Evaluate the validity using a high and low point.
A weakness is the low levels of temporal validity. This is because research which Carlsson used was included the 1989 study he conducted on animals about the use of MK 801 to change rodent behaviour, and the 1999 study Lindstroem et al conducted used radioactively labelled L-DOPA. These studies used techniques which are less advanced than today’s neuroimaging or genetic tools. This reduces the studies temporal validity, as more recent methods provide updated insights into sz that were not available then such as genetic analysis.
A strength is the triangulation of data.

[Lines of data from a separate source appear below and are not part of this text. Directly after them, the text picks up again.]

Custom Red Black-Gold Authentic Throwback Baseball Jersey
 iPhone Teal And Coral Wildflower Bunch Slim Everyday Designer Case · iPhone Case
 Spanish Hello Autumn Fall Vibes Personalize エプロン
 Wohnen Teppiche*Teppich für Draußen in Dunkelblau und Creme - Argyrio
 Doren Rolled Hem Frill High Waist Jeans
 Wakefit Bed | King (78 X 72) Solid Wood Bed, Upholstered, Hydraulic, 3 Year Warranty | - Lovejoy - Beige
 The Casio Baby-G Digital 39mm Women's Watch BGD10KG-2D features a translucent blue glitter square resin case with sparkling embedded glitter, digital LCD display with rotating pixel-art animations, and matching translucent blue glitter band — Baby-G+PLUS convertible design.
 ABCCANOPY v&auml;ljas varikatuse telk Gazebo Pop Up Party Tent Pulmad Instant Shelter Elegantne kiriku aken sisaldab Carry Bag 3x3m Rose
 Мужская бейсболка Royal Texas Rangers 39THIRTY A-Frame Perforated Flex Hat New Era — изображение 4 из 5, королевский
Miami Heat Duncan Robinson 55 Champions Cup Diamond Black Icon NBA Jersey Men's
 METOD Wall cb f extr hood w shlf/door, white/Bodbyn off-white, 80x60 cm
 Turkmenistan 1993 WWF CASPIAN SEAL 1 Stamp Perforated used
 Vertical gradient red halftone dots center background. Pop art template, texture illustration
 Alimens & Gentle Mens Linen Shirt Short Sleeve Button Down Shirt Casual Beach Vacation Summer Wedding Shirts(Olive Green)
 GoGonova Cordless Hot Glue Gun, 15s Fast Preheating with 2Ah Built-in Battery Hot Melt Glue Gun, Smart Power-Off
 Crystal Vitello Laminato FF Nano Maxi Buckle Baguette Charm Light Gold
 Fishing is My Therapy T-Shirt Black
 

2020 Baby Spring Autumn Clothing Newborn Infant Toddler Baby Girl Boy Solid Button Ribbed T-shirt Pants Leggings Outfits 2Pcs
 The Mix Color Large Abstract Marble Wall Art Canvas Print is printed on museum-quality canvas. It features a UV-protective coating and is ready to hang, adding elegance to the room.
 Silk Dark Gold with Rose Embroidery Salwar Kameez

Carlsson reviewed a range of 32 studies using different methods such as….to explore the neurochemical explanations of schizophrenia. By seeing similar results of…. Across findings,it reduces the chance that his findings are due to researcher bias and methodological flaws, increasing the internal validity of findings.
A weakness is that there is low internal validity. This is because Carlsson used secondary data, of which only 14 were his own studies. This means that they have been made for a purpose other than Carlssons aim of reviewing the relationship between dopamine and glutamate on the symptoms of sz. This means that as the data was already in existence, there is no control over the methodology or if there was any confounding variables in the data collection. This reduces the credibility and the accuracy of conclusions etc.
A strength is the high levels of validity- lab experiments are highly scientific with strict controls over extraneous variables, increasing the validity of findings.
Evaluate the ethics using 2 high points.
A strength is that only secondary data was used. 32 studies were used which were in the public domain and so therefore no ethical considerations were to be made, and no ethical guidelines were broken. Additionally, the purpose of carlssons research was to improve treatment for those with sz, and so this has an ethical purpose.